Spinach and macadamia pesto offers a fresh twist on the classic recipe, blending earthy spinach with creamy macadamia nuts. This versatile sauce is easy to prepare and great as a pasta dressing, spread, or dip.

21 Jan 2026
Cook time 0 min
Prep time 10 min

Ingredients:

1.50 cups spinach
1/3 cup macadamia
2 garlic cloves
1/2 cup olive oil
1/3 cup grated parmesan cheese
Spinach and macadamia pesto

Spinach and macadamia pesto is a fresh and nutritious twist on the traditional pesto recipe. This delightful combination pairs the earthy flavors of spinach with the creamy texture of macadamia nuts to create a versatile sauce that can be used with pasta, as a spread, or as a dip. This recipe is simple to make and perfect for adding a touch of gourmet to your everyday meals.

Instructions:

1. Prepare the Ingredients:
- Rinse the spinach thoroughly under cold water to remove any dirt or sand. Pat it dry with a clean towel or use a salad spinner to get rid of excess moisture.
- Peel the garlic cloves.
2. Toast the Macadamia Nuts (Optional):
- If you prefer extra flavor, lightly toast the macadamia nuts. Place them in a dry skillet over medium heat. Stir frequently and cook for about 5 minutes or until they are golden brown and fragrant. Be careful not to burn them. Allow the nuts to cool slightly before using.
3. Combine Ingredients:
- In a food processor or blender, combine the spinach, macadamia nuts, and garlic cloves. Pulse a few times to chop the ingredients slightly.
4. Add Olive Oil:
- While the food processor or blender is running, gradually pour in the olive oil.

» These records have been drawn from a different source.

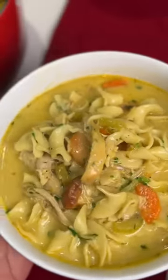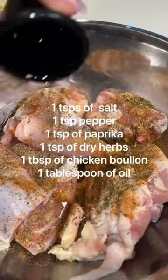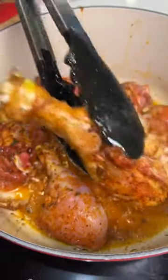Today we're going to be making chicken noodle soup. The first thing you're going to do is season your chicken with everything that I've listed on the screen, and then you're going to sear it on both sides before removing it from your pot.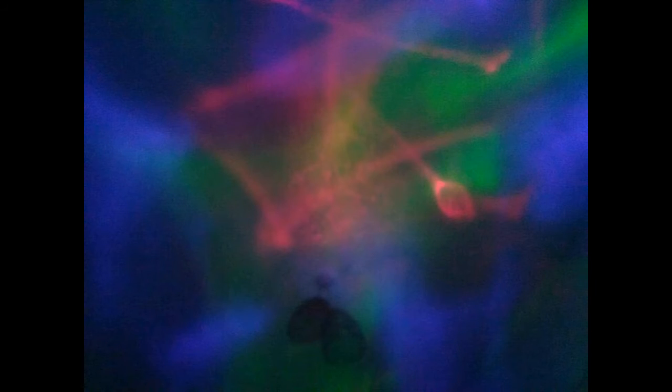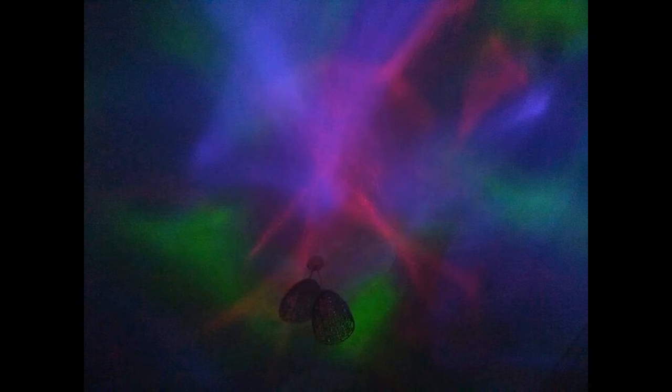I got it from Amazon for about 17 pounds. It's battery as well as mains operated and it comes with a remote control. It has three different brightness levels, different color settings, and you can have the lights moving or still.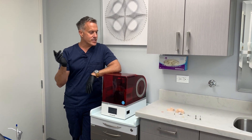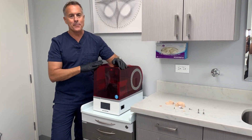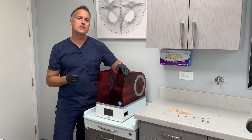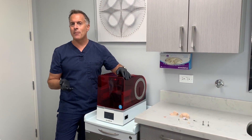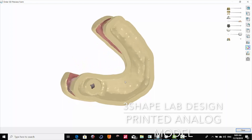Just a little bit about the Asiga Max: since this cures at 385 nanometers, it has the ability to cure different types of materials. And the material we're going to be using is a gingival mask material. It's made out of rubber, so it's no different than the polyvinyl stuff your lab probably uses.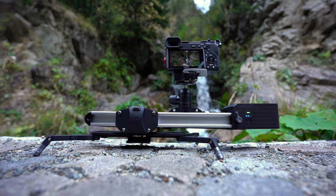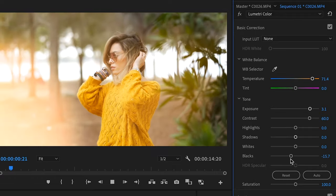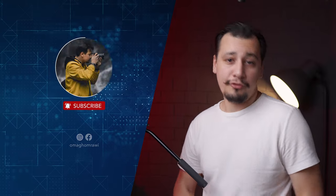Thumbs up if you find this trick helpful. Thank you for watching, guys, and make sure to check the other videos on the channel. Here we make camera gear, lenses, reviews, and quick tips like this one. If you like the content, hit the subscribe button for more.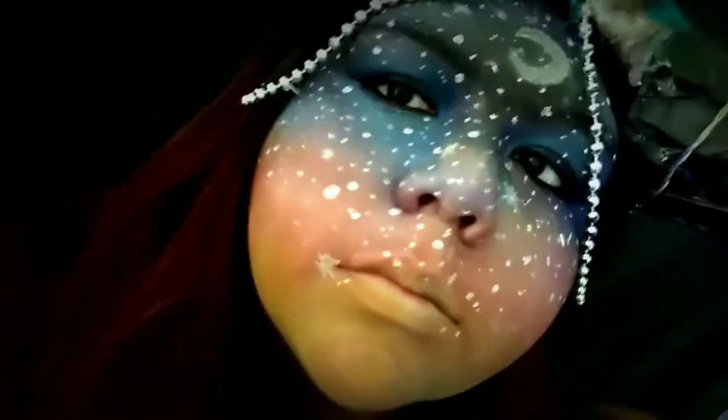Hey guys, so today I'm going to show you how I made this little horn headdress kind of thing, and I did this makeup look. I'm not sure what I'm going to call it right now — it's just this astrology witch horn thing. It'll probably be in the title, but yeah, we're going to be doing this thing.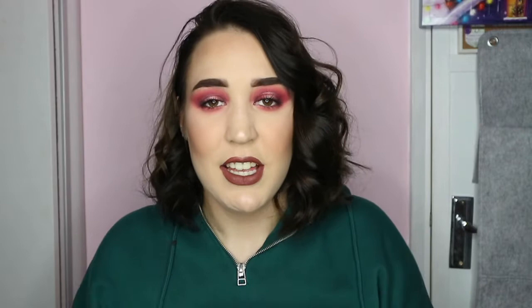I have some hoop earrings that really hurt my ears. They look really nice until you wear them for too long and then they really drag — I've worn them to work, taken them out, and just put them in my bag and forgotten about them. They're quite chunky and heavy on my ears. I'm not used to wearing hoop or dangle earrings — I usually always stick with studs, so these really aggravate my earlobes.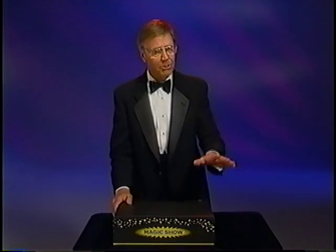You have just seen a few of my favorite tricks in the Marshall Brodine magic set. Refer to your instruction booklet and learn more about all the rest of those tricks. Have hours of fun entertaining your family and friends, and have fun with magic. Thank you for watching.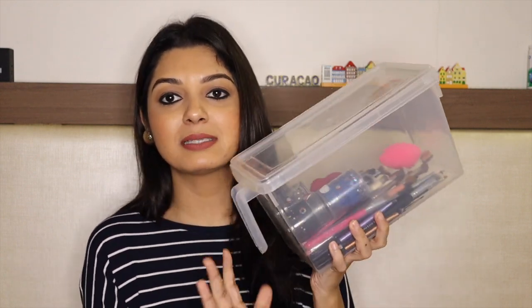I absolutely love these boxes. The reason I love them is because all my makeup brushes are safe inside. You know how much dust there is in Mumbai. I used to keep my brushes in an open holder, but there was so much dust sitting on them, and cleaning them before every makeup application was a big pain. Ever since I started using these boxes, there's no tension — no dust on my brushes and they are all safe.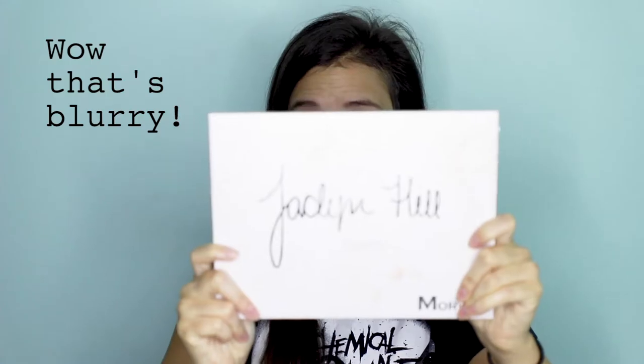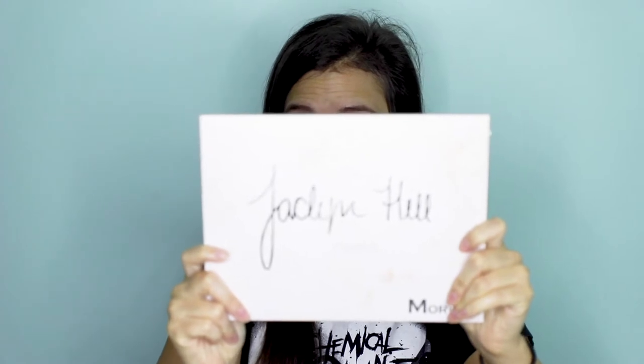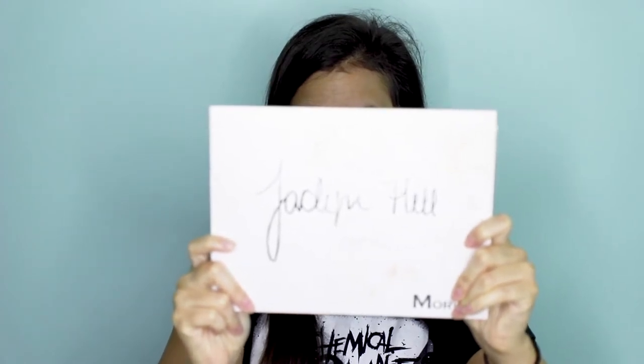Hashtag fresh face. So today we're going to be starting with our eyes and we're going to go in with our primer. We're going to prime our eyes up and pat that in. I'm going to be using the Jaclyn Hill palette today to achieve these orange eyes. I forgot that all of these colors have names — I'm going to look online and figure out what they are. I have my cheat sheet ready.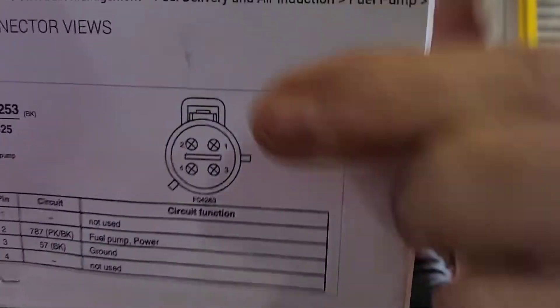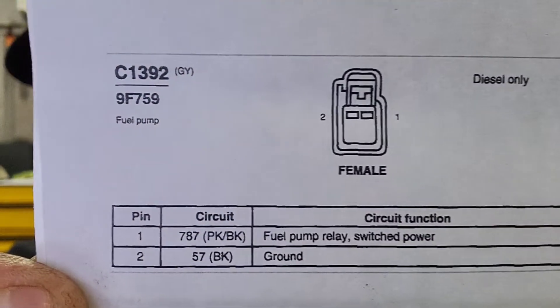If you've got a 6.0 liter, according to the diagrams — this is the 7.3 right here and that's the 6.0 liter. The 6.0 liter is different. It has a fuel conditioning module, which is about this long and about that tall. One of the fuel filters is in the back of the fuel pump module. In the bottom, you'll have a two-pin connector with a pink and black wire, which is your fuel pump's relay switched power, and the black wire will be ground.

Continue to process until the mixture is smooth and well combined. You may need to stop and scrape down the sides with a spatula to ensure everything is evenly mixed.
5. Incorporate Parmesan Cheese:
- Add the grated Parmesan cheese to the mixture. Pulse a few more times to combine everything thoroughly. If the pesto is too thick, you can add a bit more olive oil or a splash of water to reach your desired consistency.
6. Season to Taste:
- Taste the pesto and adjust the seasoning as necessary. You can add salt and pepper to taste if desired.
7. Store or Serve:
- Your spinach and macadamia pesto is ready to be used! Transfer the pesto to an airtight container if you are not using it immediately. It can be stored in the refrigerator for up to one week. To preserve the vibrant green color, pour a thin layer of olive oil on top of the pesto before sealing the container.

With its vibrant green color and rich, nutty flavor, this spinach and macadamia pesto is sure to become a favorite in your culinary repertoire. It's a versatile sauce that can elevate a variety of dishes with its fresh and hearty taste. Enjoy this healthy and delicious pesto with your favorite pasta, spread it on sandwiches, or use it as a dip for veggies. Happy cooking!

Spinach and macadamia pesto FAQ:

How long can I store spinach and macadamia pesto in the fridge?

You can store spinach and macadamia pesto in the refrigerator for up to one week. To help preserve its vibrant green color, pour a thin layer of olive oil on top before sealing.

What can I use instead of macadamia nuts in this pesto?

If you don't have macadamia nuts, you can substitute them with walnuts, pine nuts, or cashews. Each will impart a different flavor and texture to the pesto.

How do I know when my pesto is done blending?

Your pesto is ready when it reaches a smooth and creamy consistency. If it's too thick, gradually add more olive oil or a splash of water until you achieve your desired texture.

Can I freeze spinach and macadamia pesto?

Yes, you can freeze spinach and macadamia pesto. Transfer it to an airtight container or ice cube trays for easy portioning. It can be stored in the freezer for up to three months.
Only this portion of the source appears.